━━ Data provided ━━
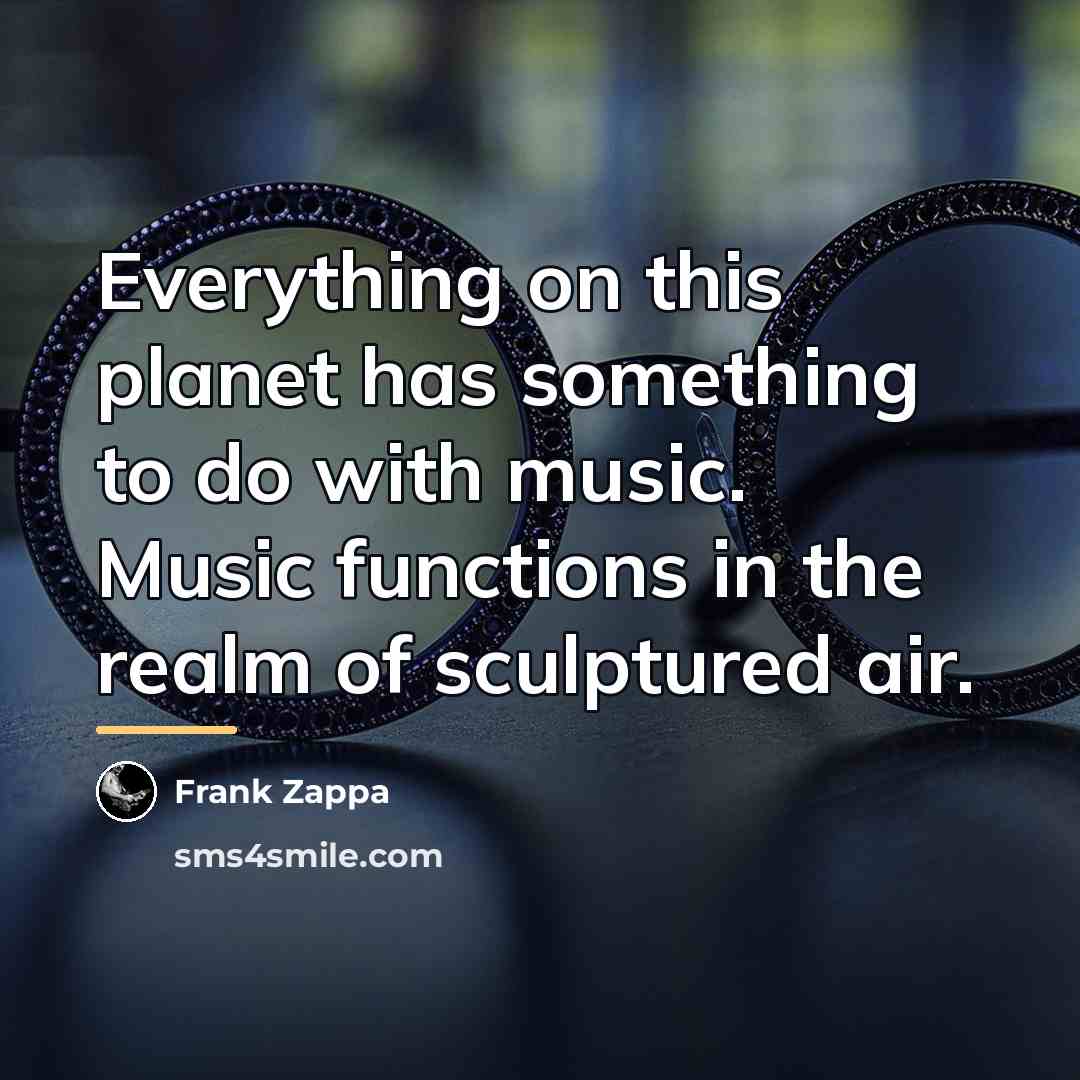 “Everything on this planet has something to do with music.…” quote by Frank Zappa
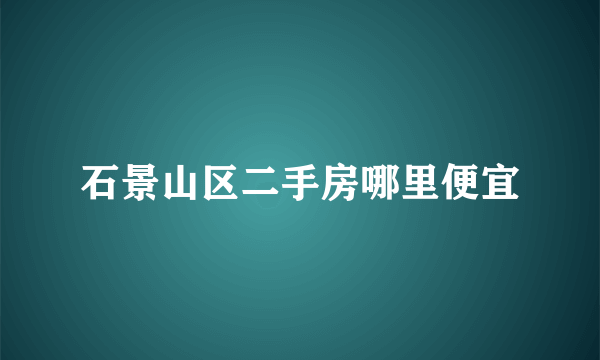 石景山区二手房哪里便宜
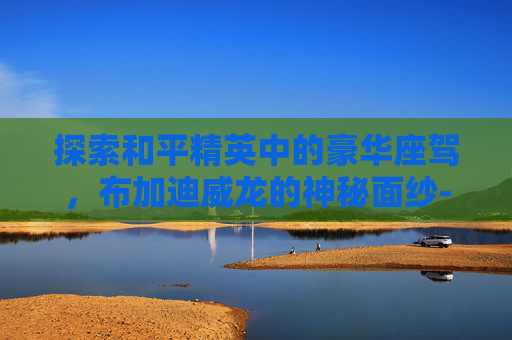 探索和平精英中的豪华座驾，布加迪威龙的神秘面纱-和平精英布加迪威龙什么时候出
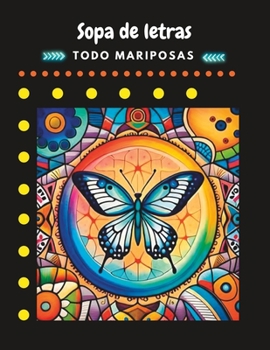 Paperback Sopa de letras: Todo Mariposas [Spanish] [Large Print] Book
━━━
Your objective:
What is needed is an exact transcription of the lines from the one holding "探索和平精英中的豪华座驾，布加迪威龙的神秘面纱-和平精英布加迪威龙什么时候出" to the end of the data, with every picture left out.

Reply:
 探索和平精英中的豪华座驾，布加迪威龙的神秘面纱-和平精英布加迪威龙什么时候出
 Paperback Sopa de letras: Todo Mariposas [Spanish] [Large Print] Book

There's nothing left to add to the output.